A Clang plugin that parses every call to CPython's custom format functions
(PyErr_Format, PyUnicode_FromFormat, etc.), type-checks each argument
against its format specifier, and reports mismatches. Both standard C specs
(%s, %d, %lu, …) and CPython-specific specs (%R, %S, %A, %U,
%T, %N, %V) are understood.
| Tool | Version |
|---|---|
| clang / clang++ | 21 |
| cmake | ≥ 3.15 |
| Python | ≥ 3.11 (for run_checker.py) |
compile_commands.json |
generated by bear -- make or cmake |
LLVM 21 headers are expected at /usr/lib/llvm-21/lib/cmake/. Adjust the
HINTS paths in CMakeLists.txt if your installation differs.
# From the CPython root
cd Tools/py-format-checker
mkdir -p build && cd build
cmake ..
make -j$(nproc)This produces build/PyFormatChecker.so.
If you have not yet generated compile_commands.json for the CPython tree:
# In the CPython root (after ./configure)

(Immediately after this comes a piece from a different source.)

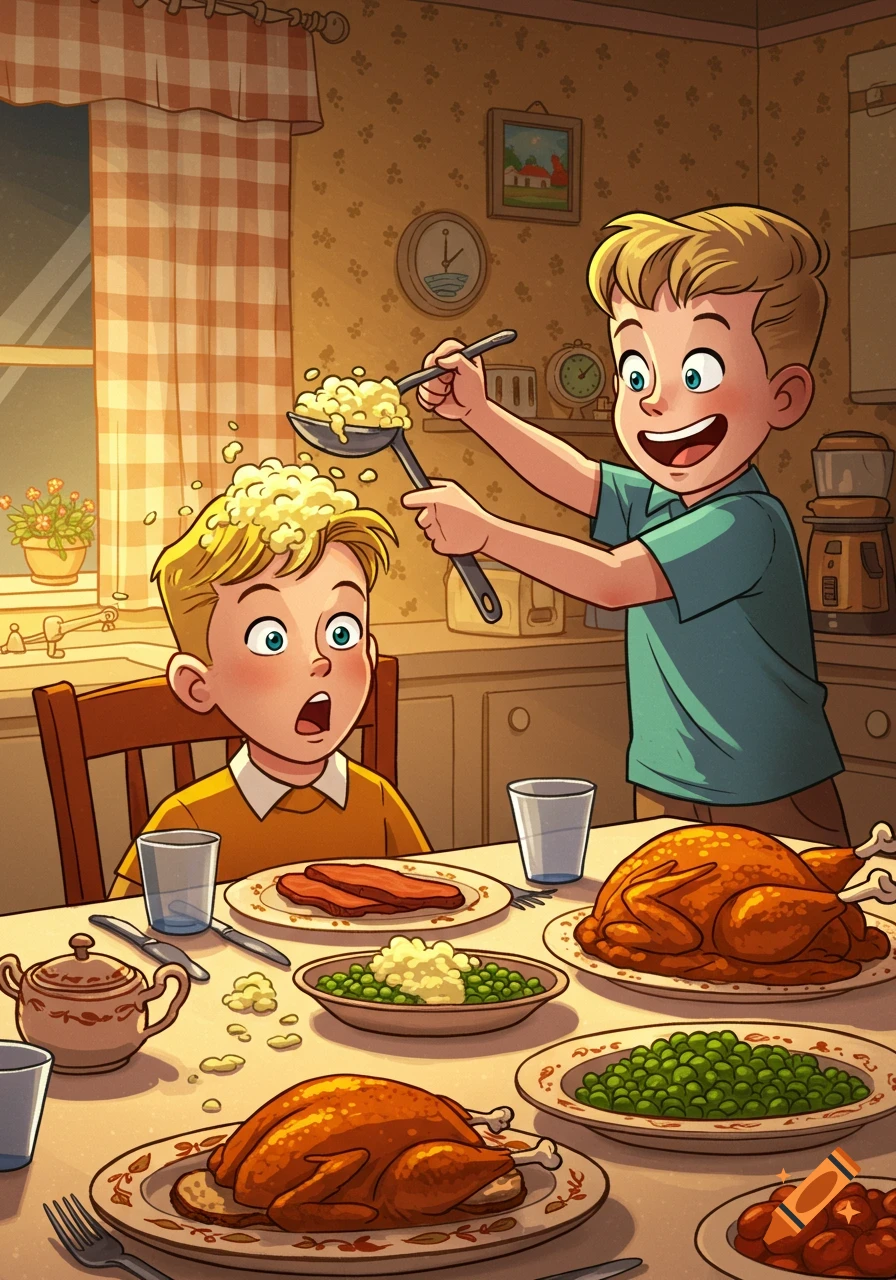 A smiling boy dumps mashed potatoes on a surprised boy's head at a 1950s style dinner table, in a cartoon.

pip install bear # or: apt install bear
bear -- make -j$(nproc)# From the CPython root
python3 Tools/py-format-checker/run_checker.py [output_file] [--jobs N]run_checker.py replays every entry in compile_commands.json through
clang-21 with the plugin loaded, in parallel. Results are written to
Tools/py-format-checker/py_format_report.txt by default (or the path you supply as the first argument).

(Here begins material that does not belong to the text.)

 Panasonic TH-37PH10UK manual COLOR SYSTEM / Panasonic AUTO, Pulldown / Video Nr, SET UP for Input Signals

| Flag | Default | Description |
|---|---|---|
output_file |
reports/py_format_report[_<target>].txt |
Output file (auto-named by target) |
--jobs N |
cpu_count |
Parallel workers |
--plugin PATH |
build/PyFormatChecker.so |
Override plugin path |
--db PATH |
compile_commands.json |
Override compilation database |
--target TRIPLE |
host | Clang target triple for type-size checks |
--verbose |
— | Print all call-sites (sets PY_FMT_ERROR_ONLY=0) |
| Variable | Default | Description |
|---|---|---|
PY_FMT_ERROR_ONLY |
1 |
Set to 0 to print all call-sites, not just those with at least one mismatch |
PY_FMT_INTEGRAL_CHECK_MODE |
standard |
Integer width/sign checking: off — accept any integer; standard — bit-width must match (C99, signedness ignored); full — both bit-width and signedness must match |
| Status | Meaning |
|---|---|
ok |
Type matches the spec |
MISMATCH got=X want=<sentinel> |
Wrong type |
MISSING_ARG want=<sentinel> |
Fewer arguments than format specs |
SURPLUS N arg(s) |
More arguments than format specs |
UNKNOWN_SPEC |
Unrecognized/unsupported format spec (e.g. %y) |
<sentinel> is either a standard C type (e.g. long, const char *) or a special placeholder like <PyObject*> or <any-int> that the plugin understands and checks for. See the source for the full list of supported sentinels and their checks.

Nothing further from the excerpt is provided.